Lest you think that this business of content and advertiser targeting is a simple matter of Internet coding, think again. At least one company is building its technology modeled on the most complex realms of the human genome itself. The company, NetSeer, says targeting can match human cell biology in terms of complexity and effective growth.

“When you look at the data of how genes regulate proteins you start to get a different sense of connections and groupings,” says John Mracek, recently-named CEO of NetSeer. “We have adapted research from the genome to develop mathematical tools that cluster pages into high connectivity groups that goes beyond the simple keyword search.”

The company has recently rolled out its first example of “concept-based advertising” called ContextLinks for Publishers. Its algorithms are based on recent, breakthrough techniques for understanding the metabolic processes in living cells, for answers. According to Mracek, NetSeer capitalizes on UCLA professor Vwani P. Roychowdhury’s work which has discovered a top-down analytical framework that could effectively partition hundreds – even thousands – of cell protein interactions into high-level, functional groups with absolutely no need to know what the groups actually did. In other words, past history of metabolic processes can feed an algorithm that can predict what that cell process will be. Roychowdhury’s work in 2005 connecting neural networks to spam filters was highly regarded, and adopted by many companies.

Here’s the connection for ad targeting. Serving up ads based upon a user’s keyword search entries has been successful because the user himself codifies his intent. But what do you do where there is no search? How can you monetize the white space on literally hundreds of millions of pages that are viewed each day, without knowing the conceptual framework that brought that user to that page at that moment?

“Using essentially the same top-down algorithms that succeeded in partitioning a cell’s processes into ‘islands’ of functionality, we have been able to examine the entire Internet – literally trillions of words – and identify islands of concepts – complete with the strength of their representation across the Internet – and the strength of their relationship to other concepts,” says Mracek.
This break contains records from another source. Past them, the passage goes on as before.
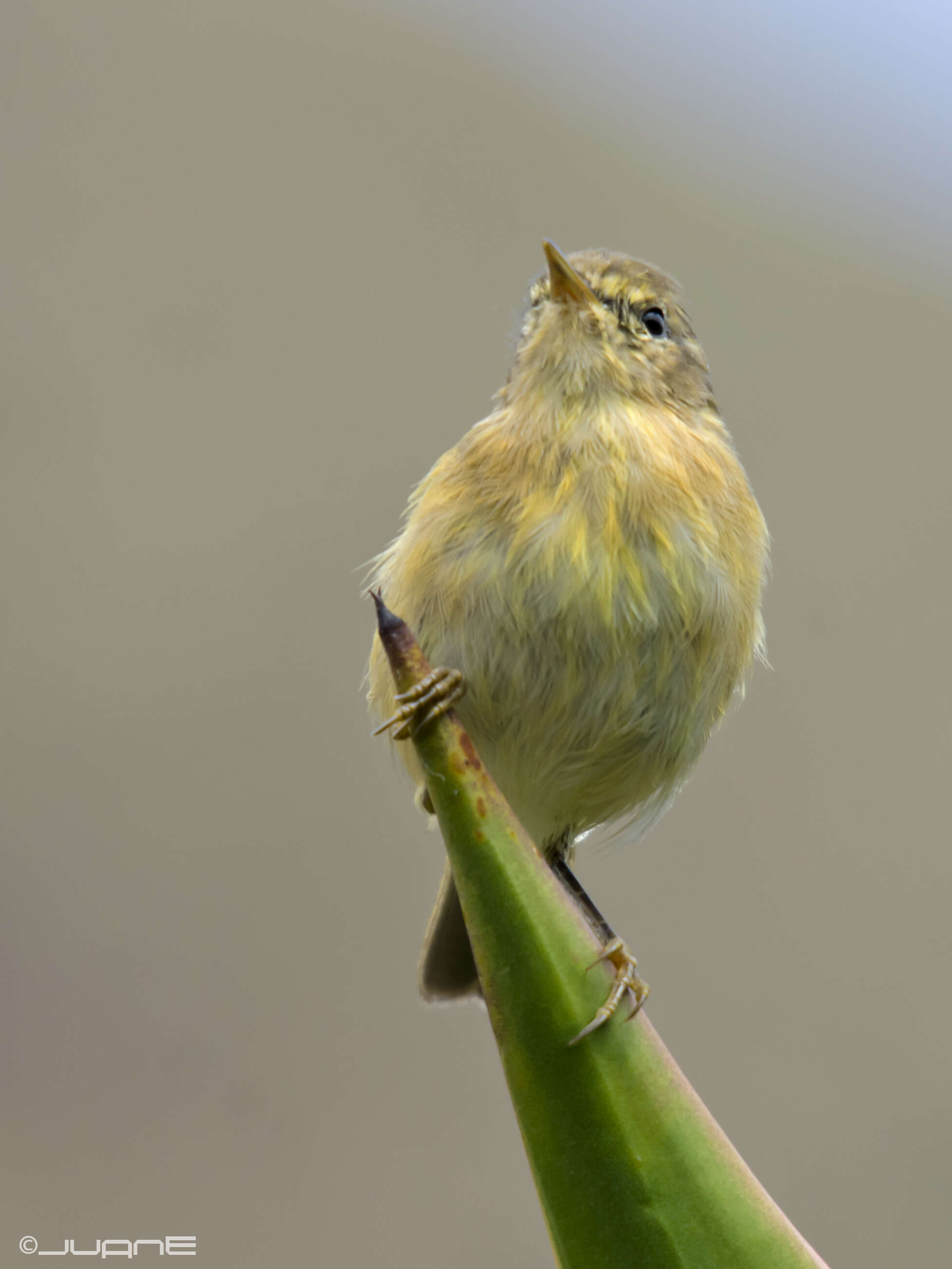 Слика од Phylloscopus canariensis (Hartwig 1886)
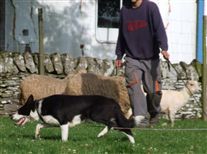 Click for large image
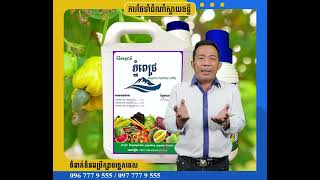 ជីធម្មជាតិ ភ្នំពេជ្រ | ការថែទាំដំណាំស្វាយចន្ទី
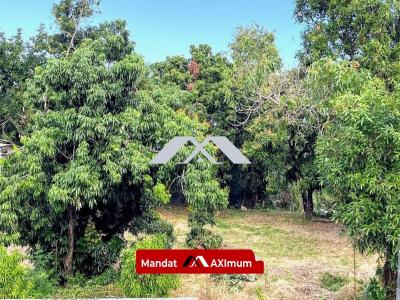 For sale Saint-louis 500 m2 Reunion (97450) photo 2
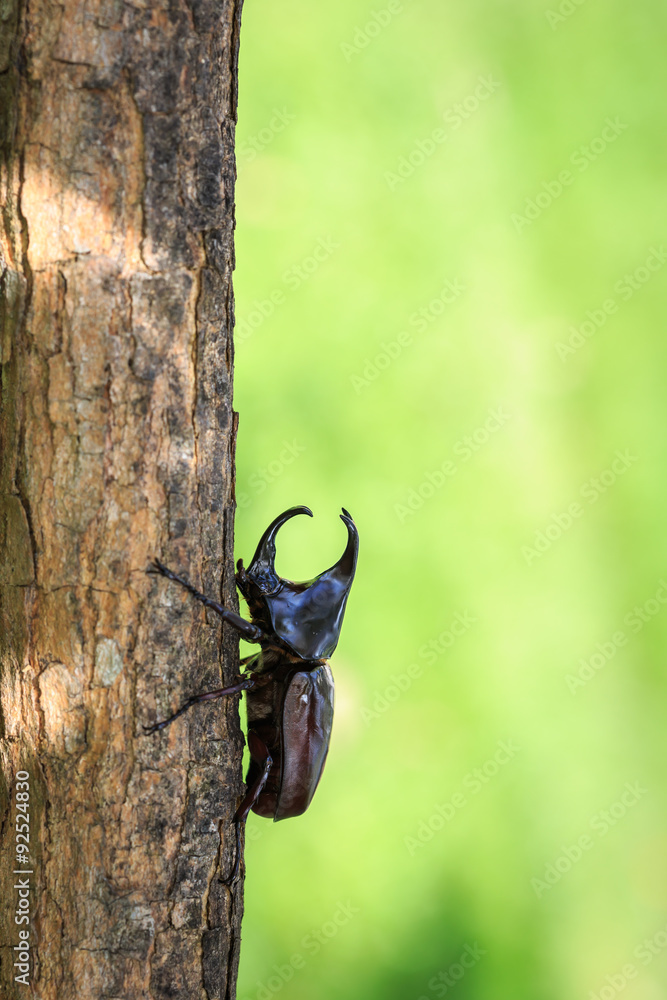 Male fighting beetle (rhinoceros beetle) on tree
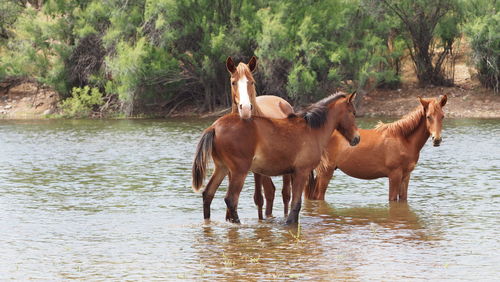 Horse in a lake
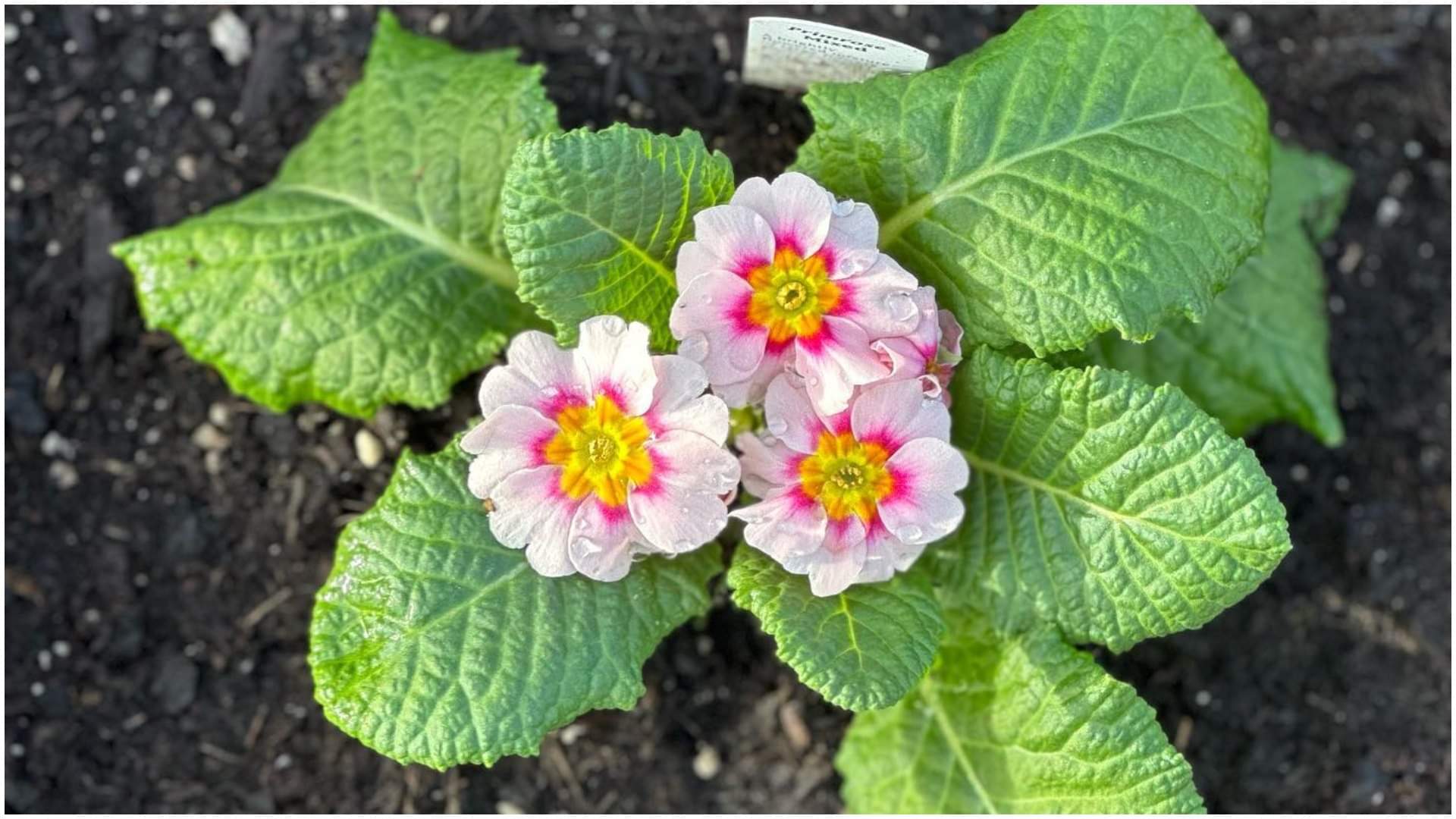 Summer Gardening Tips Balcony Flower Plants bloom in Summer Heat at Home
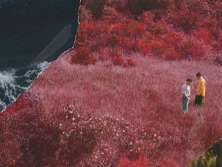 Milky Chance - bilety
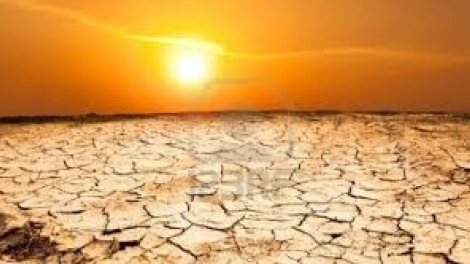 Danak dak sap Cam 06_04_2026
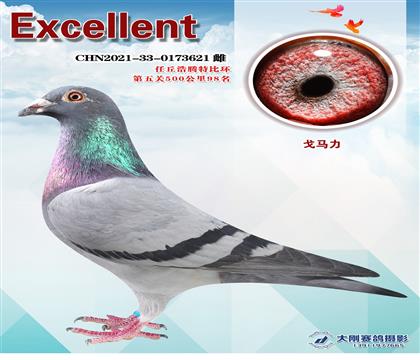 成績(jī)鴿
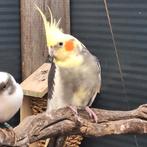 2 valkparkieten aangeboden, Meerdere dieren, Parkiet, Geringd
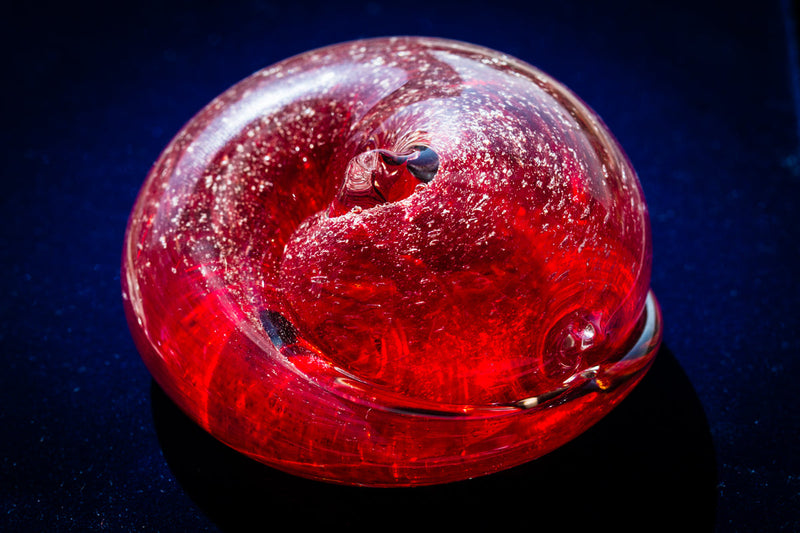 sleeping memorial cat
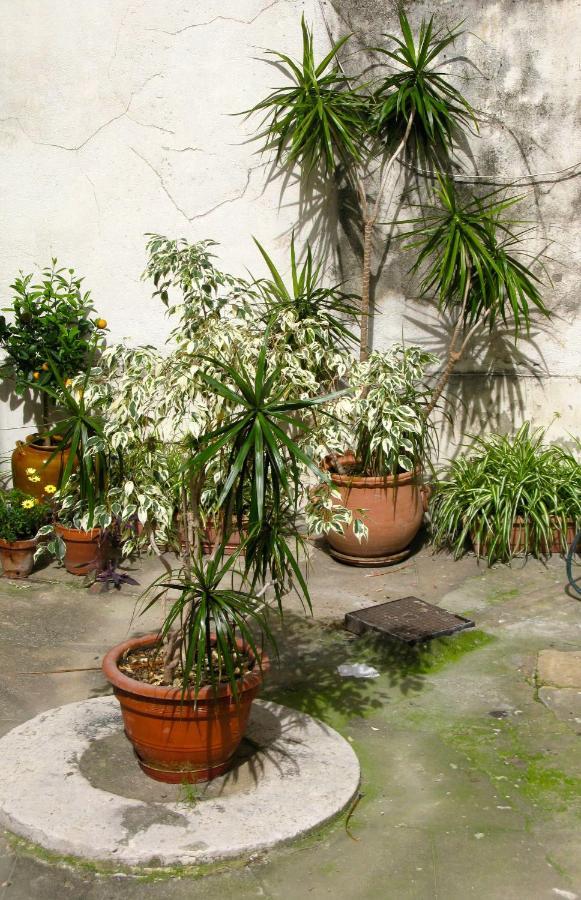 Apartamento Place Wilson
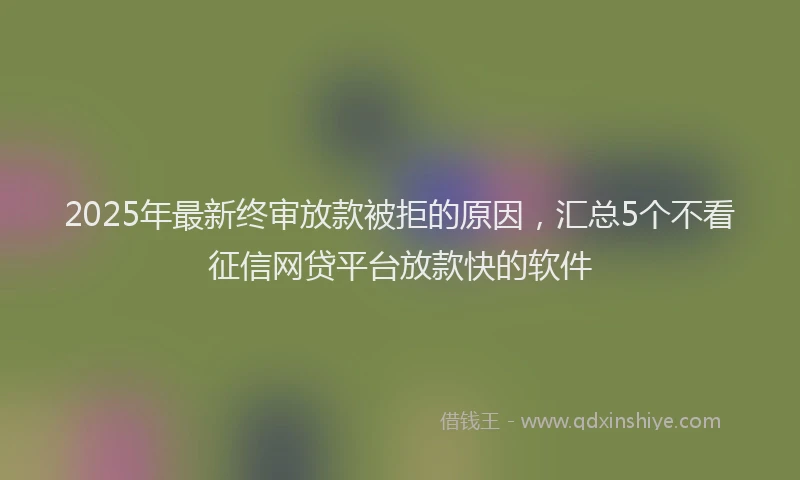 2025年最新终审放款被拒的原因，汇总5个不看征信网贷平台放款快的软件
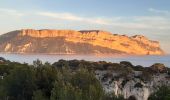 Tocht Stappen Cassis - Port Miou - Photo 1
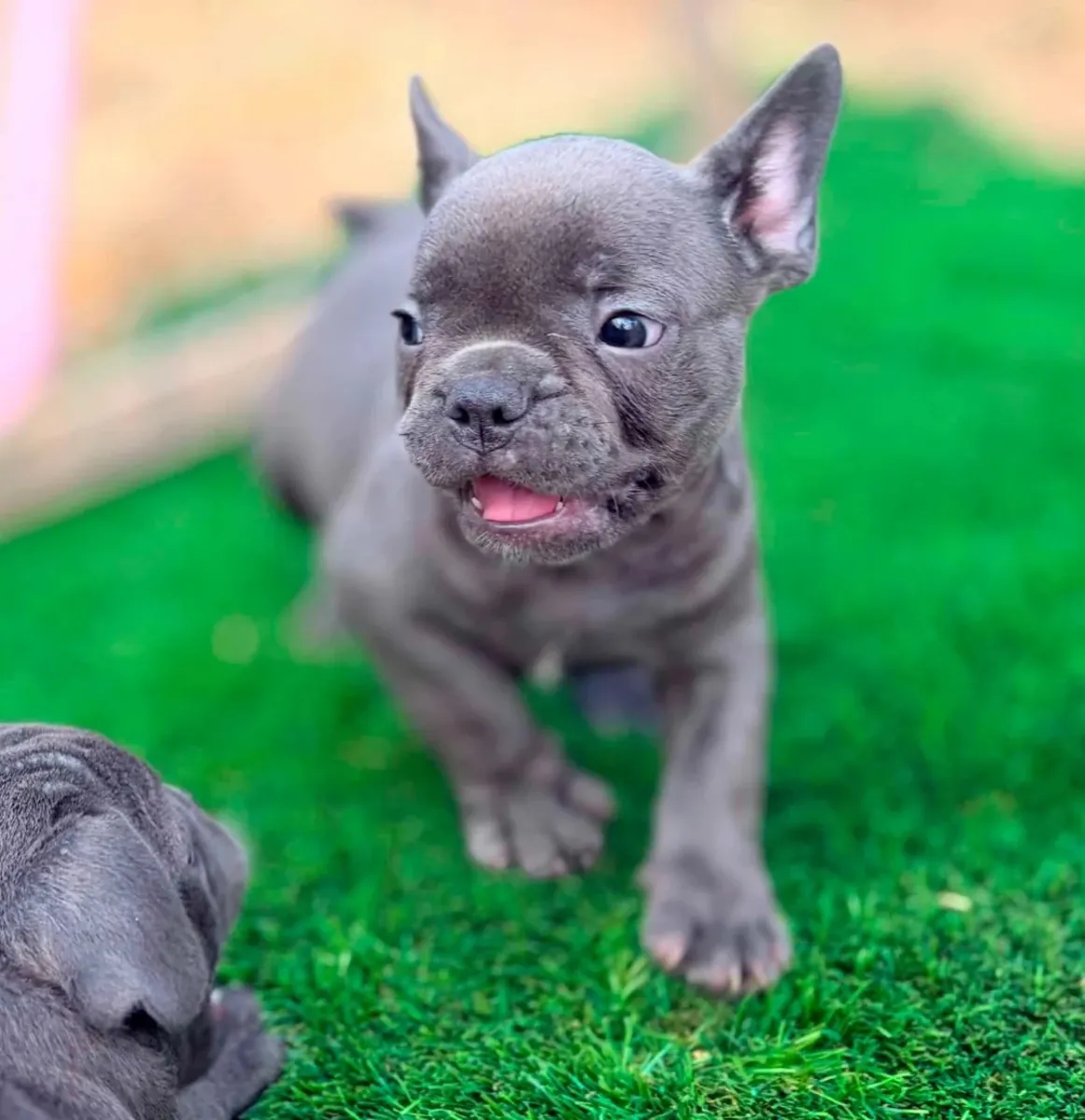 3 Chiots Bouledogue Français Incroyables Disponibles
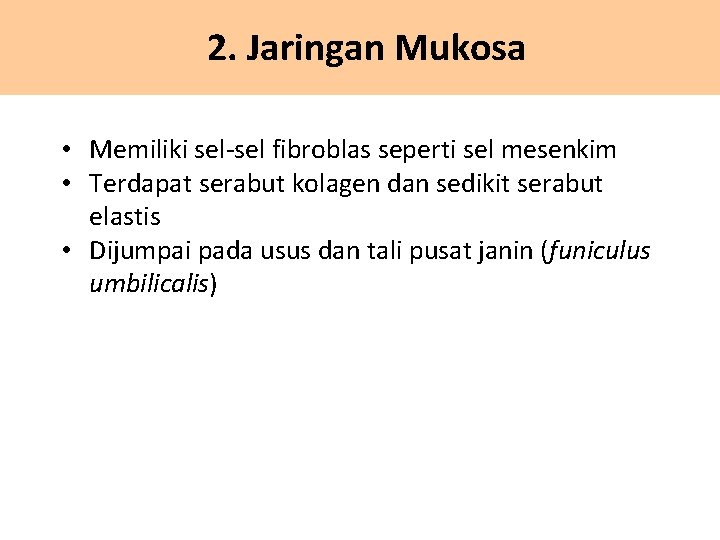 2. Jaringan Mukosa • Memiliki sel-sel fibroblas seperti sel mesenkim • Terdapat serabut kolagen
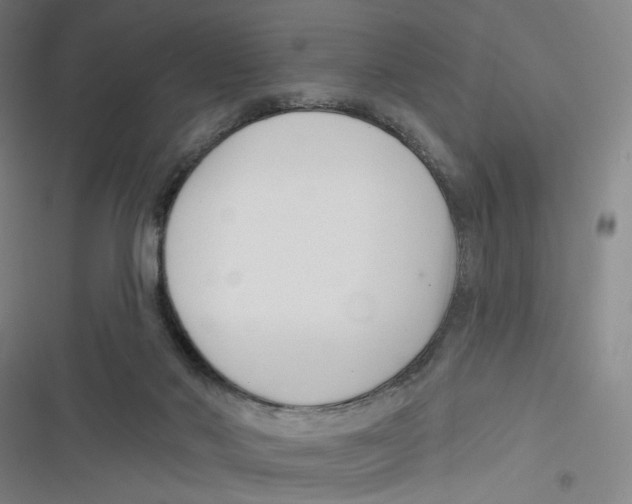 X0000116670022201001111320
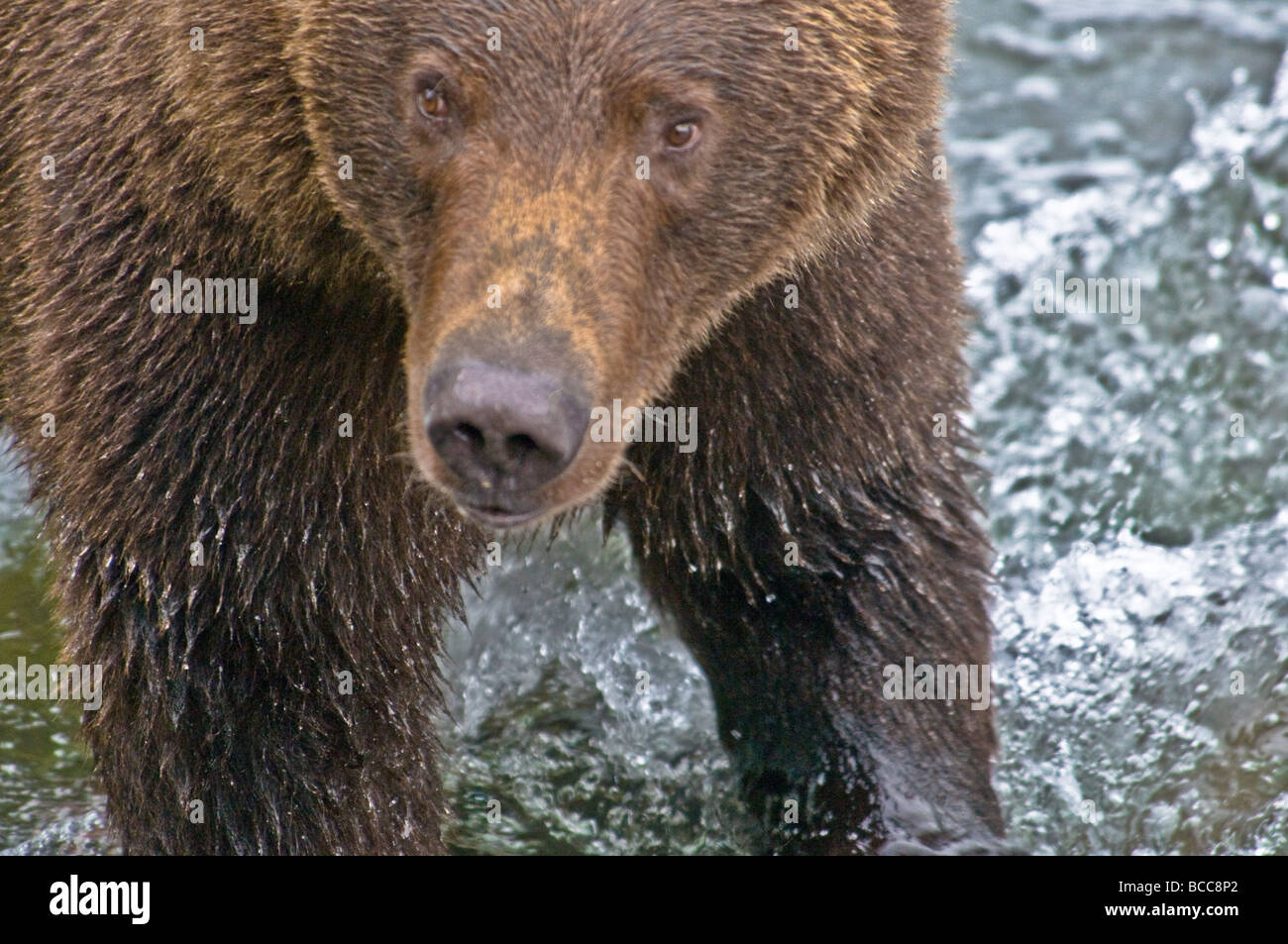 Close up of Grizzly Bear, Ursus arctos horriblis, Brooks River, Katmai National Park, Alaska, USA Stock Photo
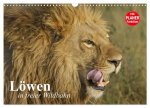 Löwen in freier Wildbahn (Wandkalender 2026 DIN A3 quer), CALVENDO Monatskalender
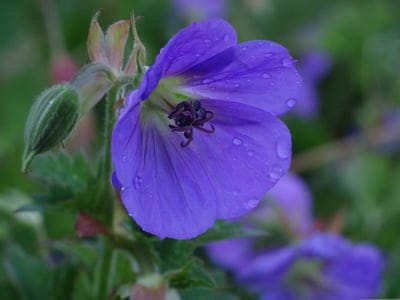 Purple geranium flower with clear water droplets on petals, framed by green leaves and a bud in macro view.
The concept “bass” has a strong relationship, for example, to fish, fishing vacation, tuner, shoes, speakers, etc., while the concept “bass fishing” has no relationship to “stereo system” or “footwear sales extravaganza”). With more than 50 million concepts in its data set NetSeer devised a way to parse any Web page, in real time, into sets of those concepts. And since it works with concepts, rather than keywords, it says it can definitively match ad placements with the actual concepts that brought users to the page. So real-time, intuitive targeting can be approached.
 
Mracek says NetSeer is able “to consistently equal or outperform keyword-based ad placement with or without a keyword.  NetSeer has seen a 2-to-4 times improvement in click through ratios over context-based approaches, and Mracek believes that concept-based targeting will do no less than change the “fundamental DNA” of Internet advertising.  He also says the company is exploring licensing the technology to other vendors. Currently the company is not disclosing its client list, but Mracek says he expects key pilot results to be released next year.